Many local coaches spoke of Nicol’s passion for the game. Whatever he models, he gives licence for his players to copy. He models hard work, passion for the game and integrity.
After lunch, Nicol worked on a beginner’s group on dribbling and shooting. He marvelled at how hard it was to practise in the hot sun but remembered he was the one in a foreign land and the locals understood the heat and sun.
After lunch with the sun blazing hot, Nicol began working to pull energy out of the beginner players. The young players worked hard on shooting skills through a variety of drills disguised as games.
However, according to 12-year-old O’Neil Murray, other camps’ coaches shout or yell. “I wish he could be my teacher,” he said of Nicol, who helped develop skills through fun learning games and modelling the kind of energy he wants his players to have.
Nicol has coached 31 years and his main tenant is not only to develop good hard-working players in the short term but good hard-working people in the long term. Working with the older players later in the day, Nicol challenged them to each step up to be leaders. He asked the local talent: “What would happen if you gave 100 per cent to your practice? What example are you giving your teammates? If you shout or cuss at your teammate, will they want to work with you on the court when you don’t work yourself?” With his real-life stories to share, the players were made to think carefully of their own skills and roles on and off the court.

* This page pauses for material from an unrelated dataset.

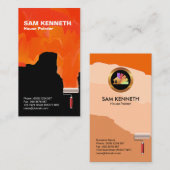 Schuintrekken van Oranje schilderverf Visitekaartje (Voorkant / Achterkant)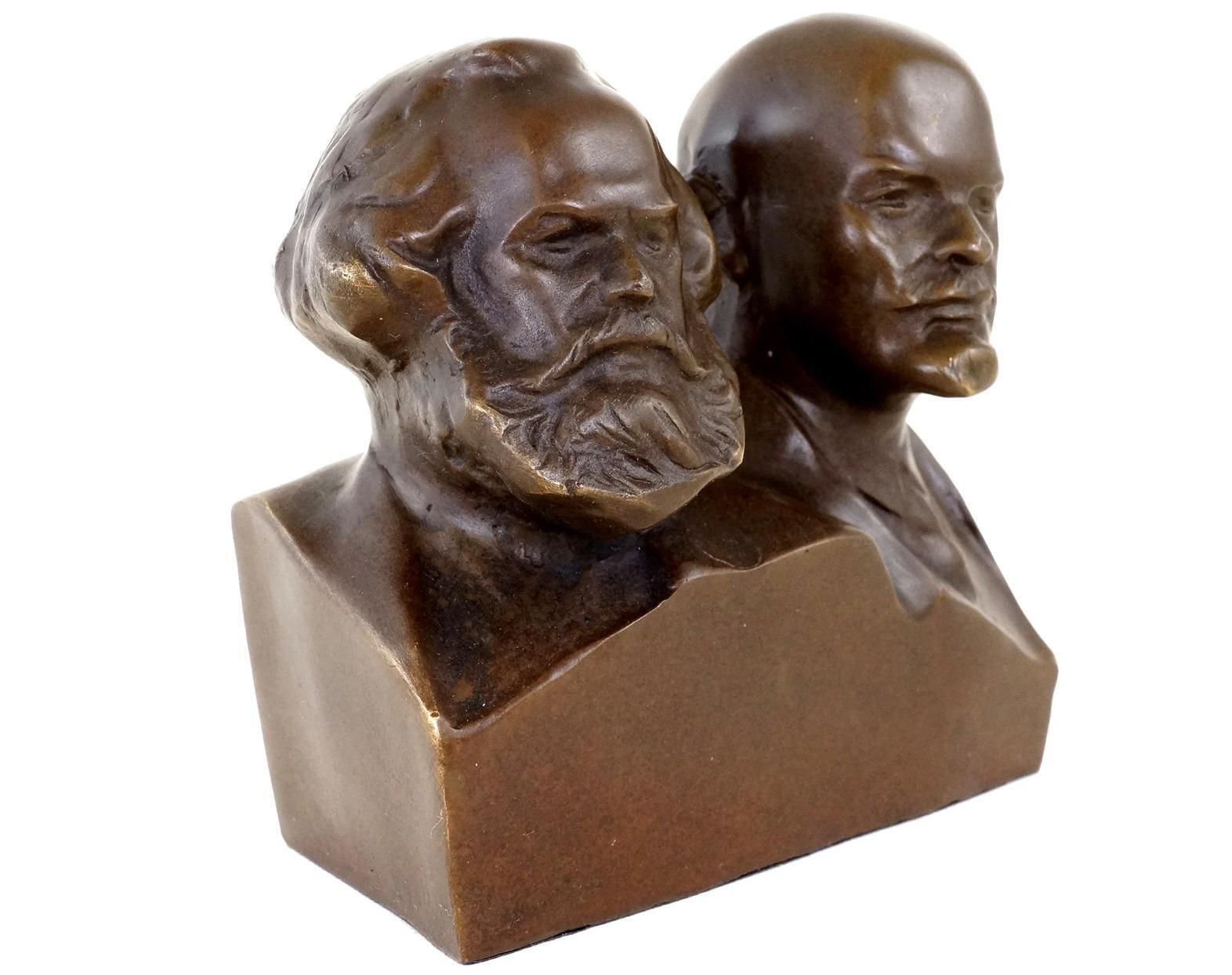 Bronze Bust Of Karl Marx And Vladimir Lenin, 20th Century photo vinterior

After this motivational speech, Nicol began drawing out offensive and defensive plays. The senior players returned to the court to practise with clouds that only threatened rain. Nicol challenges players to be thinkers about the patterns in offence and defence. He did not shout or belittle players. He gave instructions as a matter-of-fact and embraced player and local coaches’ questions which he took the time to answer. Players and coaches knew at all times what was coming up and what was expected of them which is good for the minds of anyone wanting to learn. Explaining the target for a practice allows players to focus and set their own goals.
For Nicol and his wife Aum the camp was everything they hoped for. With the help of the Tobago House of Assembly Youth and Sport Division, Gerard Franklin, Carolyn Daniel-Smith, and local coaches, the first Hoopnics camp in Tobago may develop into exchanges or a return trip for the Nicols. The Tobago youth embraced Nicol’s coaching style and definitely want more. The best part for the couple was hearing players say, “Coach? You coming tomorrow?”